▶ Input material:

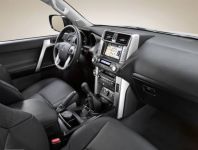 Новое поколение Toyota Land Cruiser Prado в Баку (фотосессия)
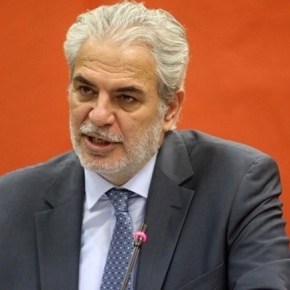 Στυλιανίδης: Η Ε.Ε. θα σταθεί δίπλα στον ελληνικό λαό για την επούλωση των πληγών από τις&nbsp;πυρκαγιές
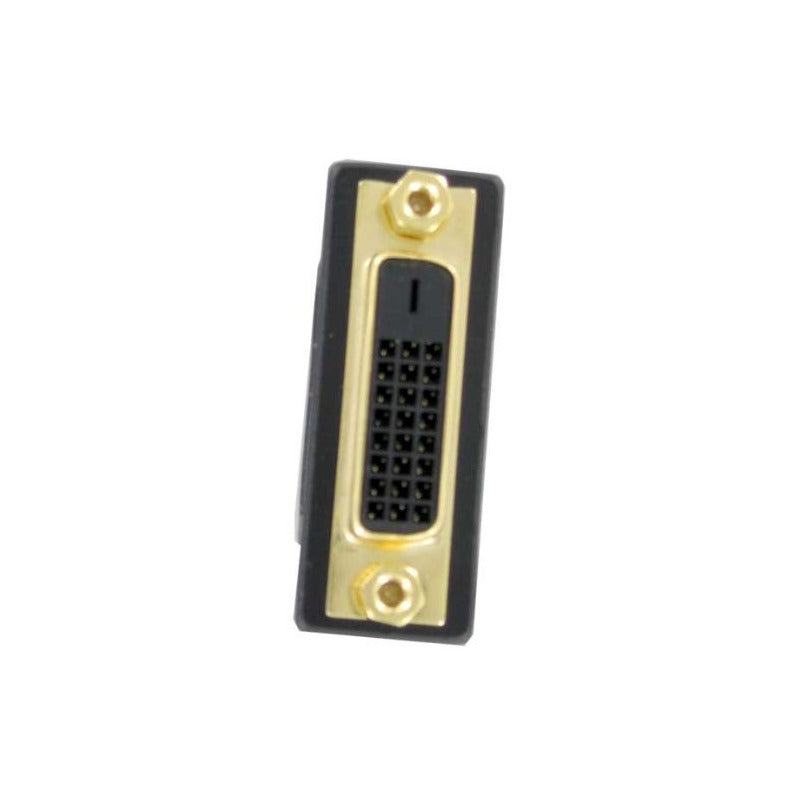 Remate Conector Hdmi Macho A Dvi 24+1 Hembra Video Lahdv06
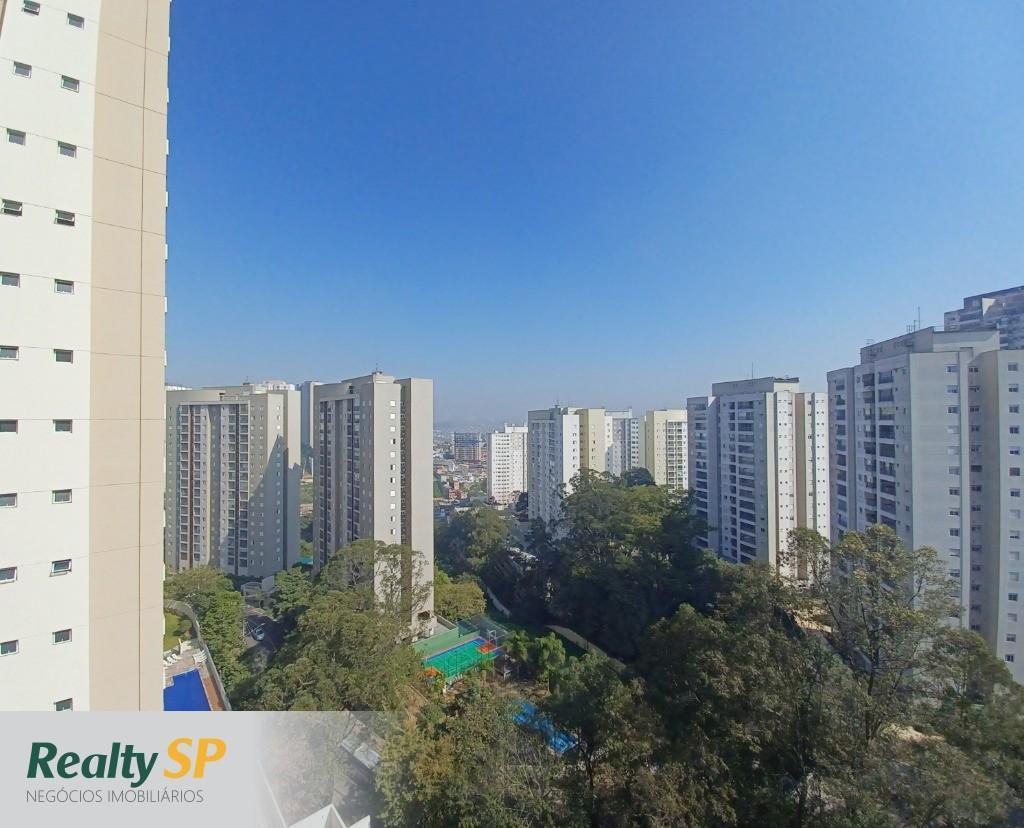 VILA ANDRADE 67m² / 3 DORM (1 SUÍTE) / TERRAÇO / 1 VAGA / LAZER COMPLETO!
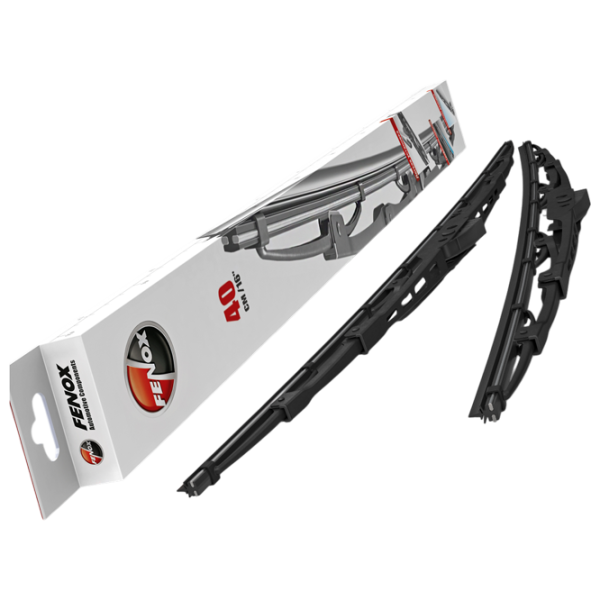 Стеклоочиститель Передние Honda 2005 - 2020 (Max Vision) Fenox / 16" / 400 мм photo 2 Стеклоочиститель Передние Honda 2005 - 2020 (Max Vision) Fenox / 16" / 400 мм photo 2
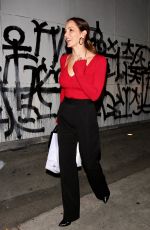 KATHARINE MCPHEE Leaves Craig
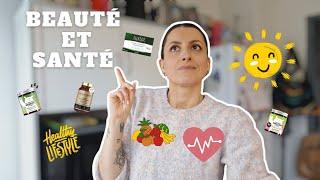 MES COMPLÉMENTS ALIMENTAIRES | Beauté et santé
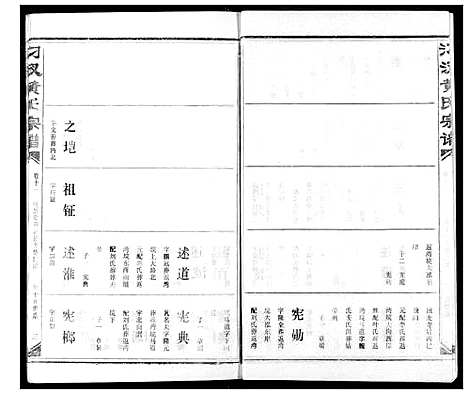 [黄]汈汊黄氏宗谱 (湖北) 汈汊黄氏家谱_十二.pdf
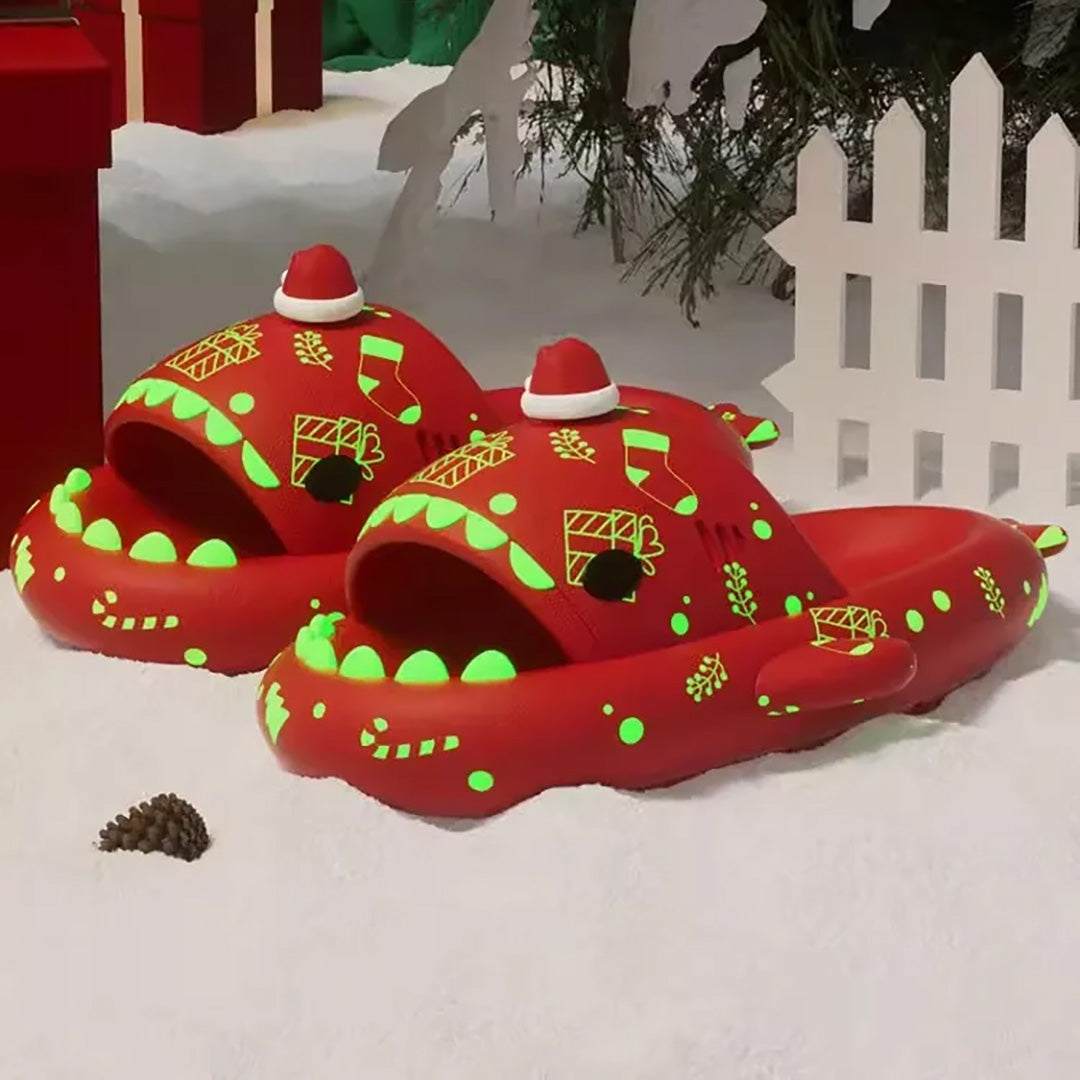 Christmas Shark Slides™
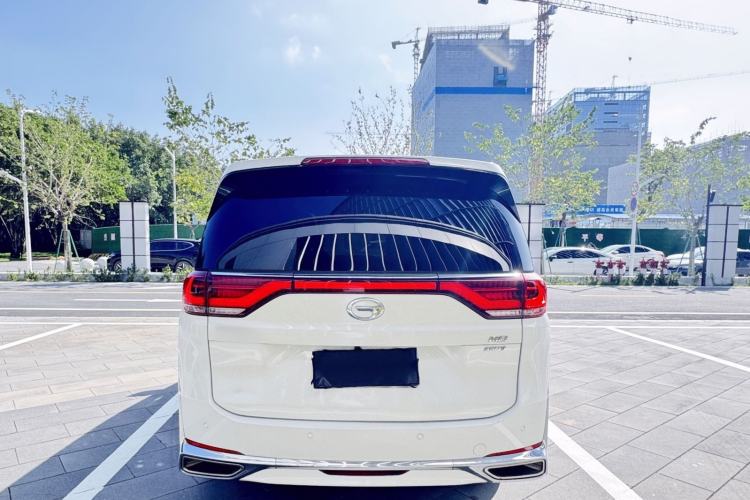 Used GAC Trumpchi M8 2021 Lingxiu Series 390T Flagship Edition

▶ What you will do:
Copy the entries exactly. No pictures.

▶ Worked solution:
 Новое поколение Toyota Land Cruiser Prado в Баку (фотосессия)
 Στυλιανίδης: Η Ε.Ε. θα σταθεί δίπλα στον ελληνικό λαό για την επούλωση των πληγών από τις&nbsp;πυρκαγιές
 Remate Conector Hdmi Macho A Dvi 24+1 Hembra Video Lahdv06
 VILA ANDRADE 67m² / 3 DORM (1 SUÍTE) / TERRAÇO / 1 VAGA / LAZER COMPLETO!
 Стеклоочиститель Передние Honda 2005 - 2020 (Max Vision) Fenox / 16" / 400 мм photo 2 Стеклоочиститель Передние Honda 2005 - 2020 (Max Vision) Fenox / 16" / 400 мм photo 2
 KATHARINE MCPHEE Leaves Craig
 MES COMPLÉMENTS ALIMENTAIRES | Beauté et santé
 [黄]汈汊黄氏宗谱 (湖北) 汈汊黄氏家谱_十二.pdf
 Christmas Shark Slides™
 Used GAC Trumpchi M8 2021 Lingxiu Series 390T Flagship Edition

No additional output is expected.